### Prompt
It is required that all of the data be written out exactly.

### Data provided
┌──

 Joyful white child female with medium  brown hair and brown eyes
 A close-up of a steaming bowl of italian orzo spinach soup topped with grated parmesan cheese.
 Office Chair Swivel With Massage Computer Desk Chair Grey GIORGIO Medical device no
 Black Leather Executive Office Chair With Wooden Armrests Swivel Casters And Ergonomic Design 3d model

└──

### Answer to this task
 Joyful white child female with medium  brown hair and brown eyes
 A close-up of a steaming bowl of italian orzo spinach soup topped with grated parmesan cheese.
 Office Chair Swivel With Massage Computer Desk Chair Grey GIORGIO Medical device no
 Black Leather Executive Office Chair With Wooden Armrests Swivel Casters And Ergonomic Design 3d model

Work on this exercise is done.